■ **Task**
Within the entries below, output exactly the lines between the line containing "ledscom.de 2er Set" and the line containing "3in1 50kg/110lbs Digital", inclusive, and omit any picture.

■ **Given information**
━━━━━━━━━━━━━━━━━━━━

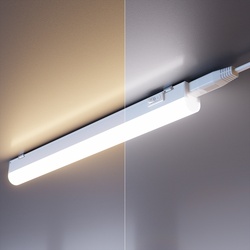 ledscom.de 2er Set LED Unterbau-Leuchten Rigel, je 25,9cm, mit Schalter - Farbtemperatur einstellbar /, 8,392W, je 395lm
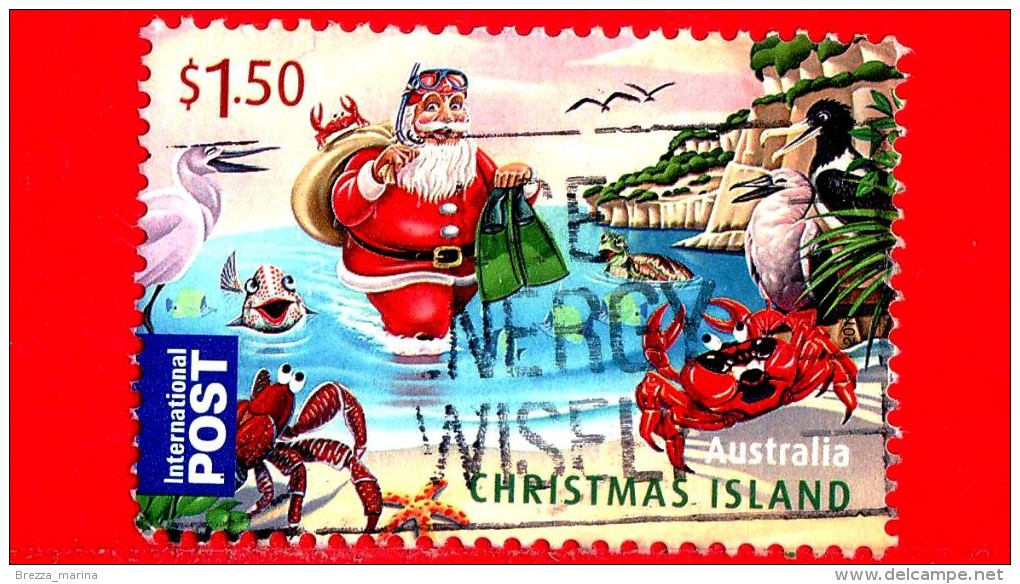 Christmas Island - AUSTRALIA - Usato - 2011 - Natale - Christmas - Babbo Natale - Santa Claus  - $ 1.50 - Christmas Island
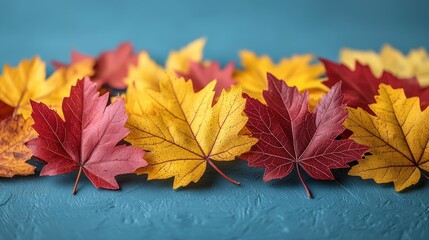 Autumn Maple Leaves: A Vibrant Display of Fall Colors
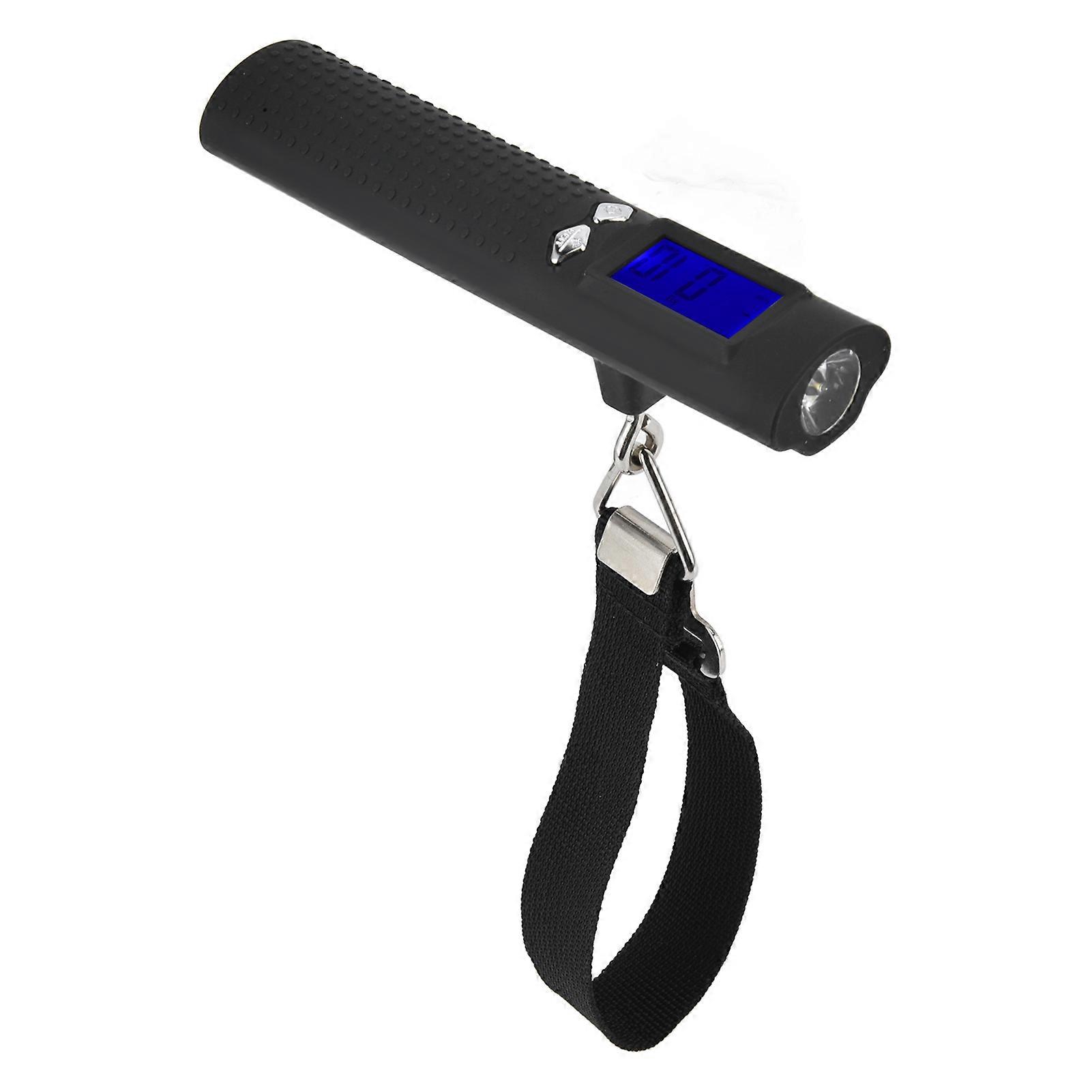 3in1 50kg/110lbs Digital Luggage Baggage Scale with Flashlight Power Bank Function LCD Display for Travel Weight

━━━━━━━━━━━━━━━━━━━━

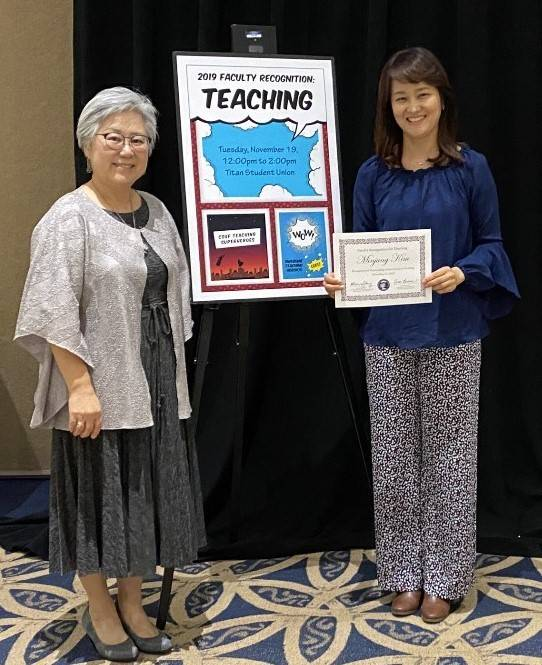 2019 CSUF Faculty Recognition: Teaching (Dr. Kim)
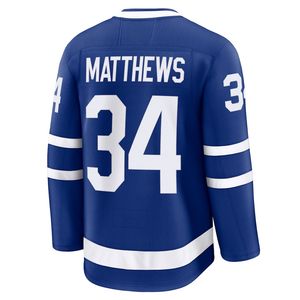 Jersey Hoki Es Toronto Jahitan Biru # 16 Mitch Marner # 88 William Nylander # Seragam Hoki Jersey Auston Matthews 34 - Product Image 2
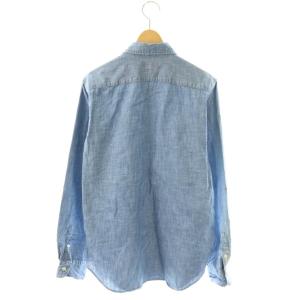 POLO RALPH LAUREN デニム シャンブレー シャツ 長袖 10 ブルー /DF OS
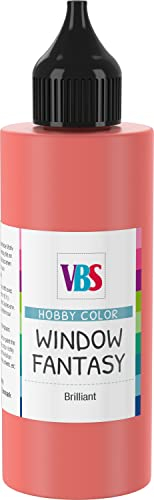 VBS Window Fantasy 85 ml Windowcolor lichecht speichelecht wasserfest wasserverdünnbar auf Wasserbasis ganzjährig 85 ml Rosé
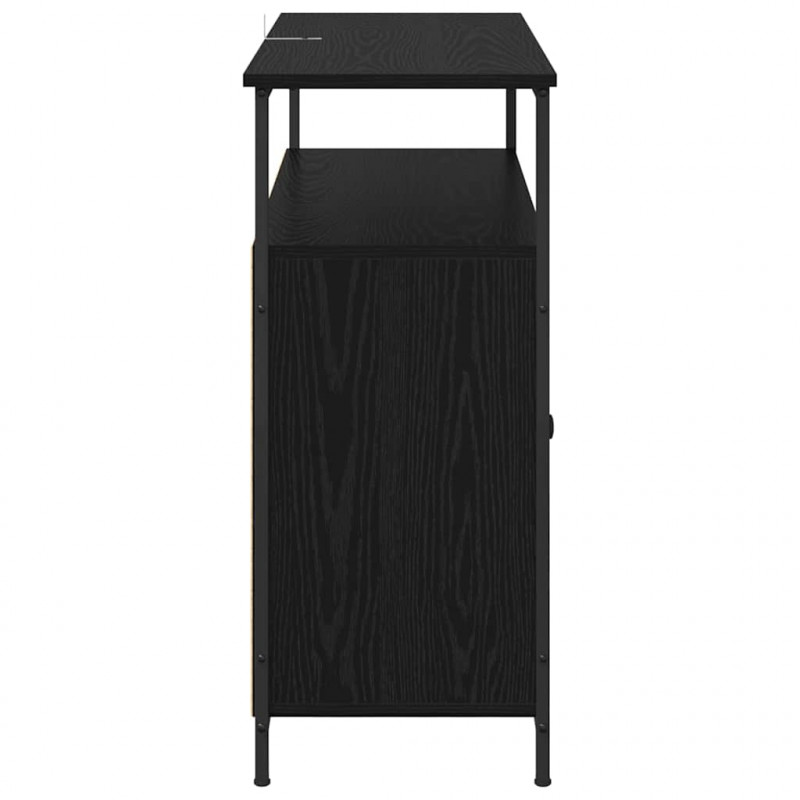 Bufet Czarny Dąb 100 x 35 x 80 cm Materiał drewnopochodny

━━━━━━━━━━━━━━━━━━━━

■ **Response to this exercise**
 ledscom.de 2er Set LED Unterbau-Leuchten Rigel, je 25,9cm, mit Schalter - Farbtemperatur einstellbar /, 8,392W, je 395lm
 Christmas Island - AUSTRALIA - Usato - 2011 - Natale - Christmas - Babbo Natale - Santa Claus  - $ 1.50 - Christmas Island
 Autumn Maple Leaves: A Vibrant Display of Fall Colors
 3in1 50kg/110lbs Digital Luggage Baggage Scale with Flashlight Power Bank Function LCD Display for Travel Weight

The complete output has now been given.